9. By letter dated January 19, 1994 (Joint Exh. 7), Respondent informed the Union that it intended to reinstate the 8-hour-a-day, 5-day-a-week schedule for all personnel in Resource Management Division, supervisory personnel having already been converted to that schedule. Respondent concluded by stating,

"Please provide any proposals you care to make by January 26, 1994. We will then

arrange a meeting . . . for Impact and Implementation bargaining . . . . ." (Joint Exh. 7).

10. The Union replied by letter dated January 24, 1994 (Joint Exh. 8), asserting, in part, that inasmuch as 5 U.S.C. § 6131(a) states, "if the head of an agency finds . . . ." and, "There is no indication in your correspondence that Lieutenant General (LTG) Shelton is even aware of the proposal . . . Barring such a determination by LTG Shelton, the issue of not continuing any flexible or compressed schedule is not in an appropriate posture for negotiations. . . ." (Joint Exh. 8).

11. Mr. Katt stated that he might have had a conversation with Ms. Crumley between the date of the Union's letter of January 24 and Respondent's letter of April 13, 1994 (Tr. 48); however, the first response of any moment by Respondent was its letter of April 13, 1994 (Joint Exh. 9) in which it stated, in part, as follows:

". . . your unilateral determination that the Commanding General is the only person

authorized to decide whether or not activities continue or discontinue flexible or compressed

schedules at the unit level is puzzling. The Commander delegates personnel management

responsibilities to the head of the local activity as a necessary part of command. The Director

of Community Activities is charged with the operation of that Directorate and, as such, is

responsible for making these determinations.

However, we need to resolve the matter. My belief is that we have supplied the rationale

and all documentation to you to illustrate Management's view. In a telephone conversation with

you sometime in late January we discussed the two proposals you made in your December 29,

1993, letter (i.e., (1) status quo and (2) no change without negotiation). While these two items

might possibly be considered proposals in a technical sense, they, in effect, say "No" without

any chance of resolution. We have nothing to work with in reaching a common ground.

As I stated, I would like to resolve this issue. If you have concerns, please advise me.

Otherwise, Management intends to implement the termination . . . on April 18, 1994 . . . ."

(Joint Exh. 9).

12. The Union replied by letter dated April 18, 1994. (Joint Exh. 10). At the outset, the Union reiterated its position that,

". . . The above Statute does not contain any authority to delegated [sic] the decision to cease

flexible or compresses [sic] work schedules. Further, ceasing flexible or compressed work

schedules are agency wide decisions. . . ." (Joint Exh. 10, p. 1).

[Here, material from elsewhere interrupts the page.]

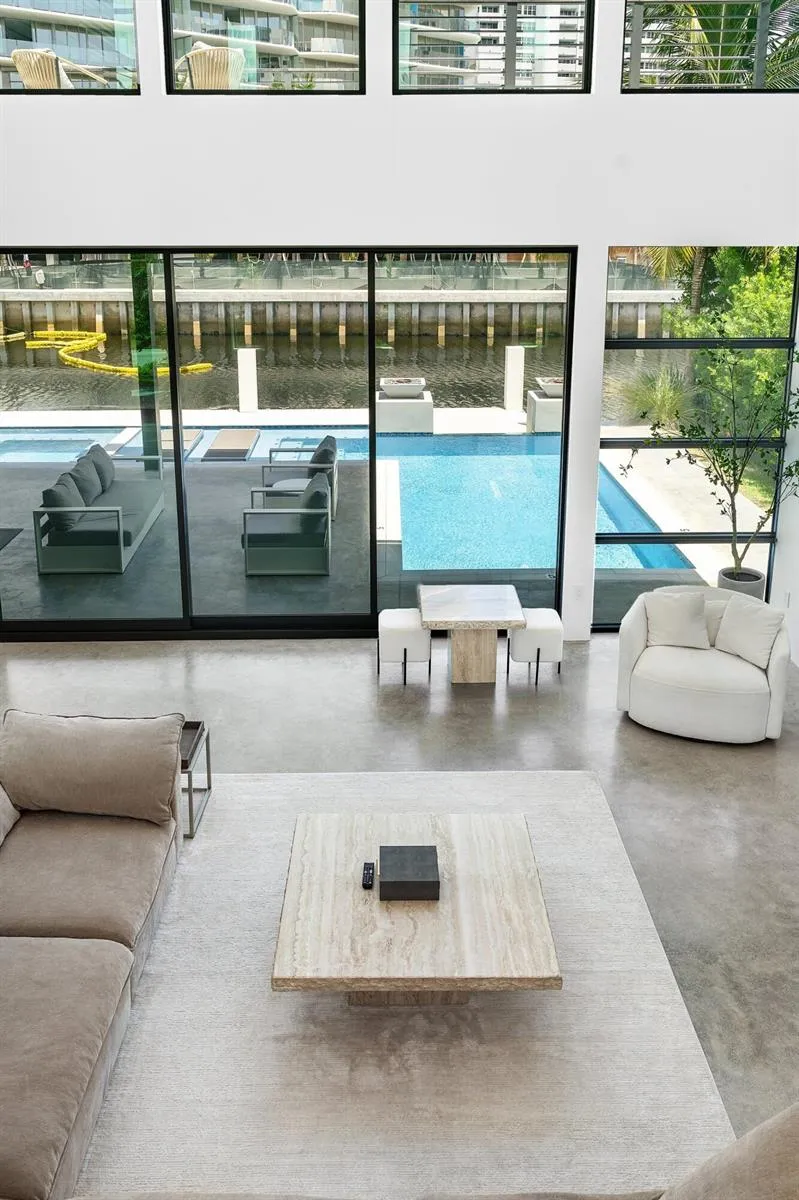 1650 E Terra Mar Drive Lauderdale By The Sea, FL 33062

The Union further stated, in part, that,

"While you view statue [sic] quo and no change without negotiations as merely saying

"no" without any chance of resolution, the Union sees the Agency's proposal of totally ceasing

AWS as providing no possible middle ground for resolution. You should expect your

ultimatum from management to beget an ultimatum from the Union. If indeed you would like to

resolve the issue, provide the demonstrated need to cease all AWS for the three Resource

Management Division; otherwise, make an alternative proposal of some other AWS. Also, I

request you should reconsider your intentions to implement without completing negotiations."

(Joint Exh. 10, pp. 2-3).

13. Respondent terminated the compressed workweek on April 18, 1994.


Conclusions

If this case involved merely bargaining under the Statute, one would have to conclude that neither party demonstrated any good faith effort to bargain. cf. U.S. Department of Commerce, U.S. Merchant Marine Academy, Kings Point, New York, A/SLMR No. 620, 6 A/SLMR 119, 6 A/SLMR Supp. 30 (1976). But here the provisions of the Flexible and Compressed Work Schedules Act of 1982 (hereinafter also referred to as the "Act"), P.L. 97-221, 5 U.S.C. § 6121, et seq., also apply and, in my judgment, are controlling. Thus, § 6130 provides, in part, as follows:

(a) (1) In the case of employees in a unit represented by an exclusive representative, any

flexible or compressed work schedule, and the establishment and termination of any such

schedule, shall be subject to the provisions of this subchapter and the terms of a collective

bargaining agreement between the agency and the exclusive representative.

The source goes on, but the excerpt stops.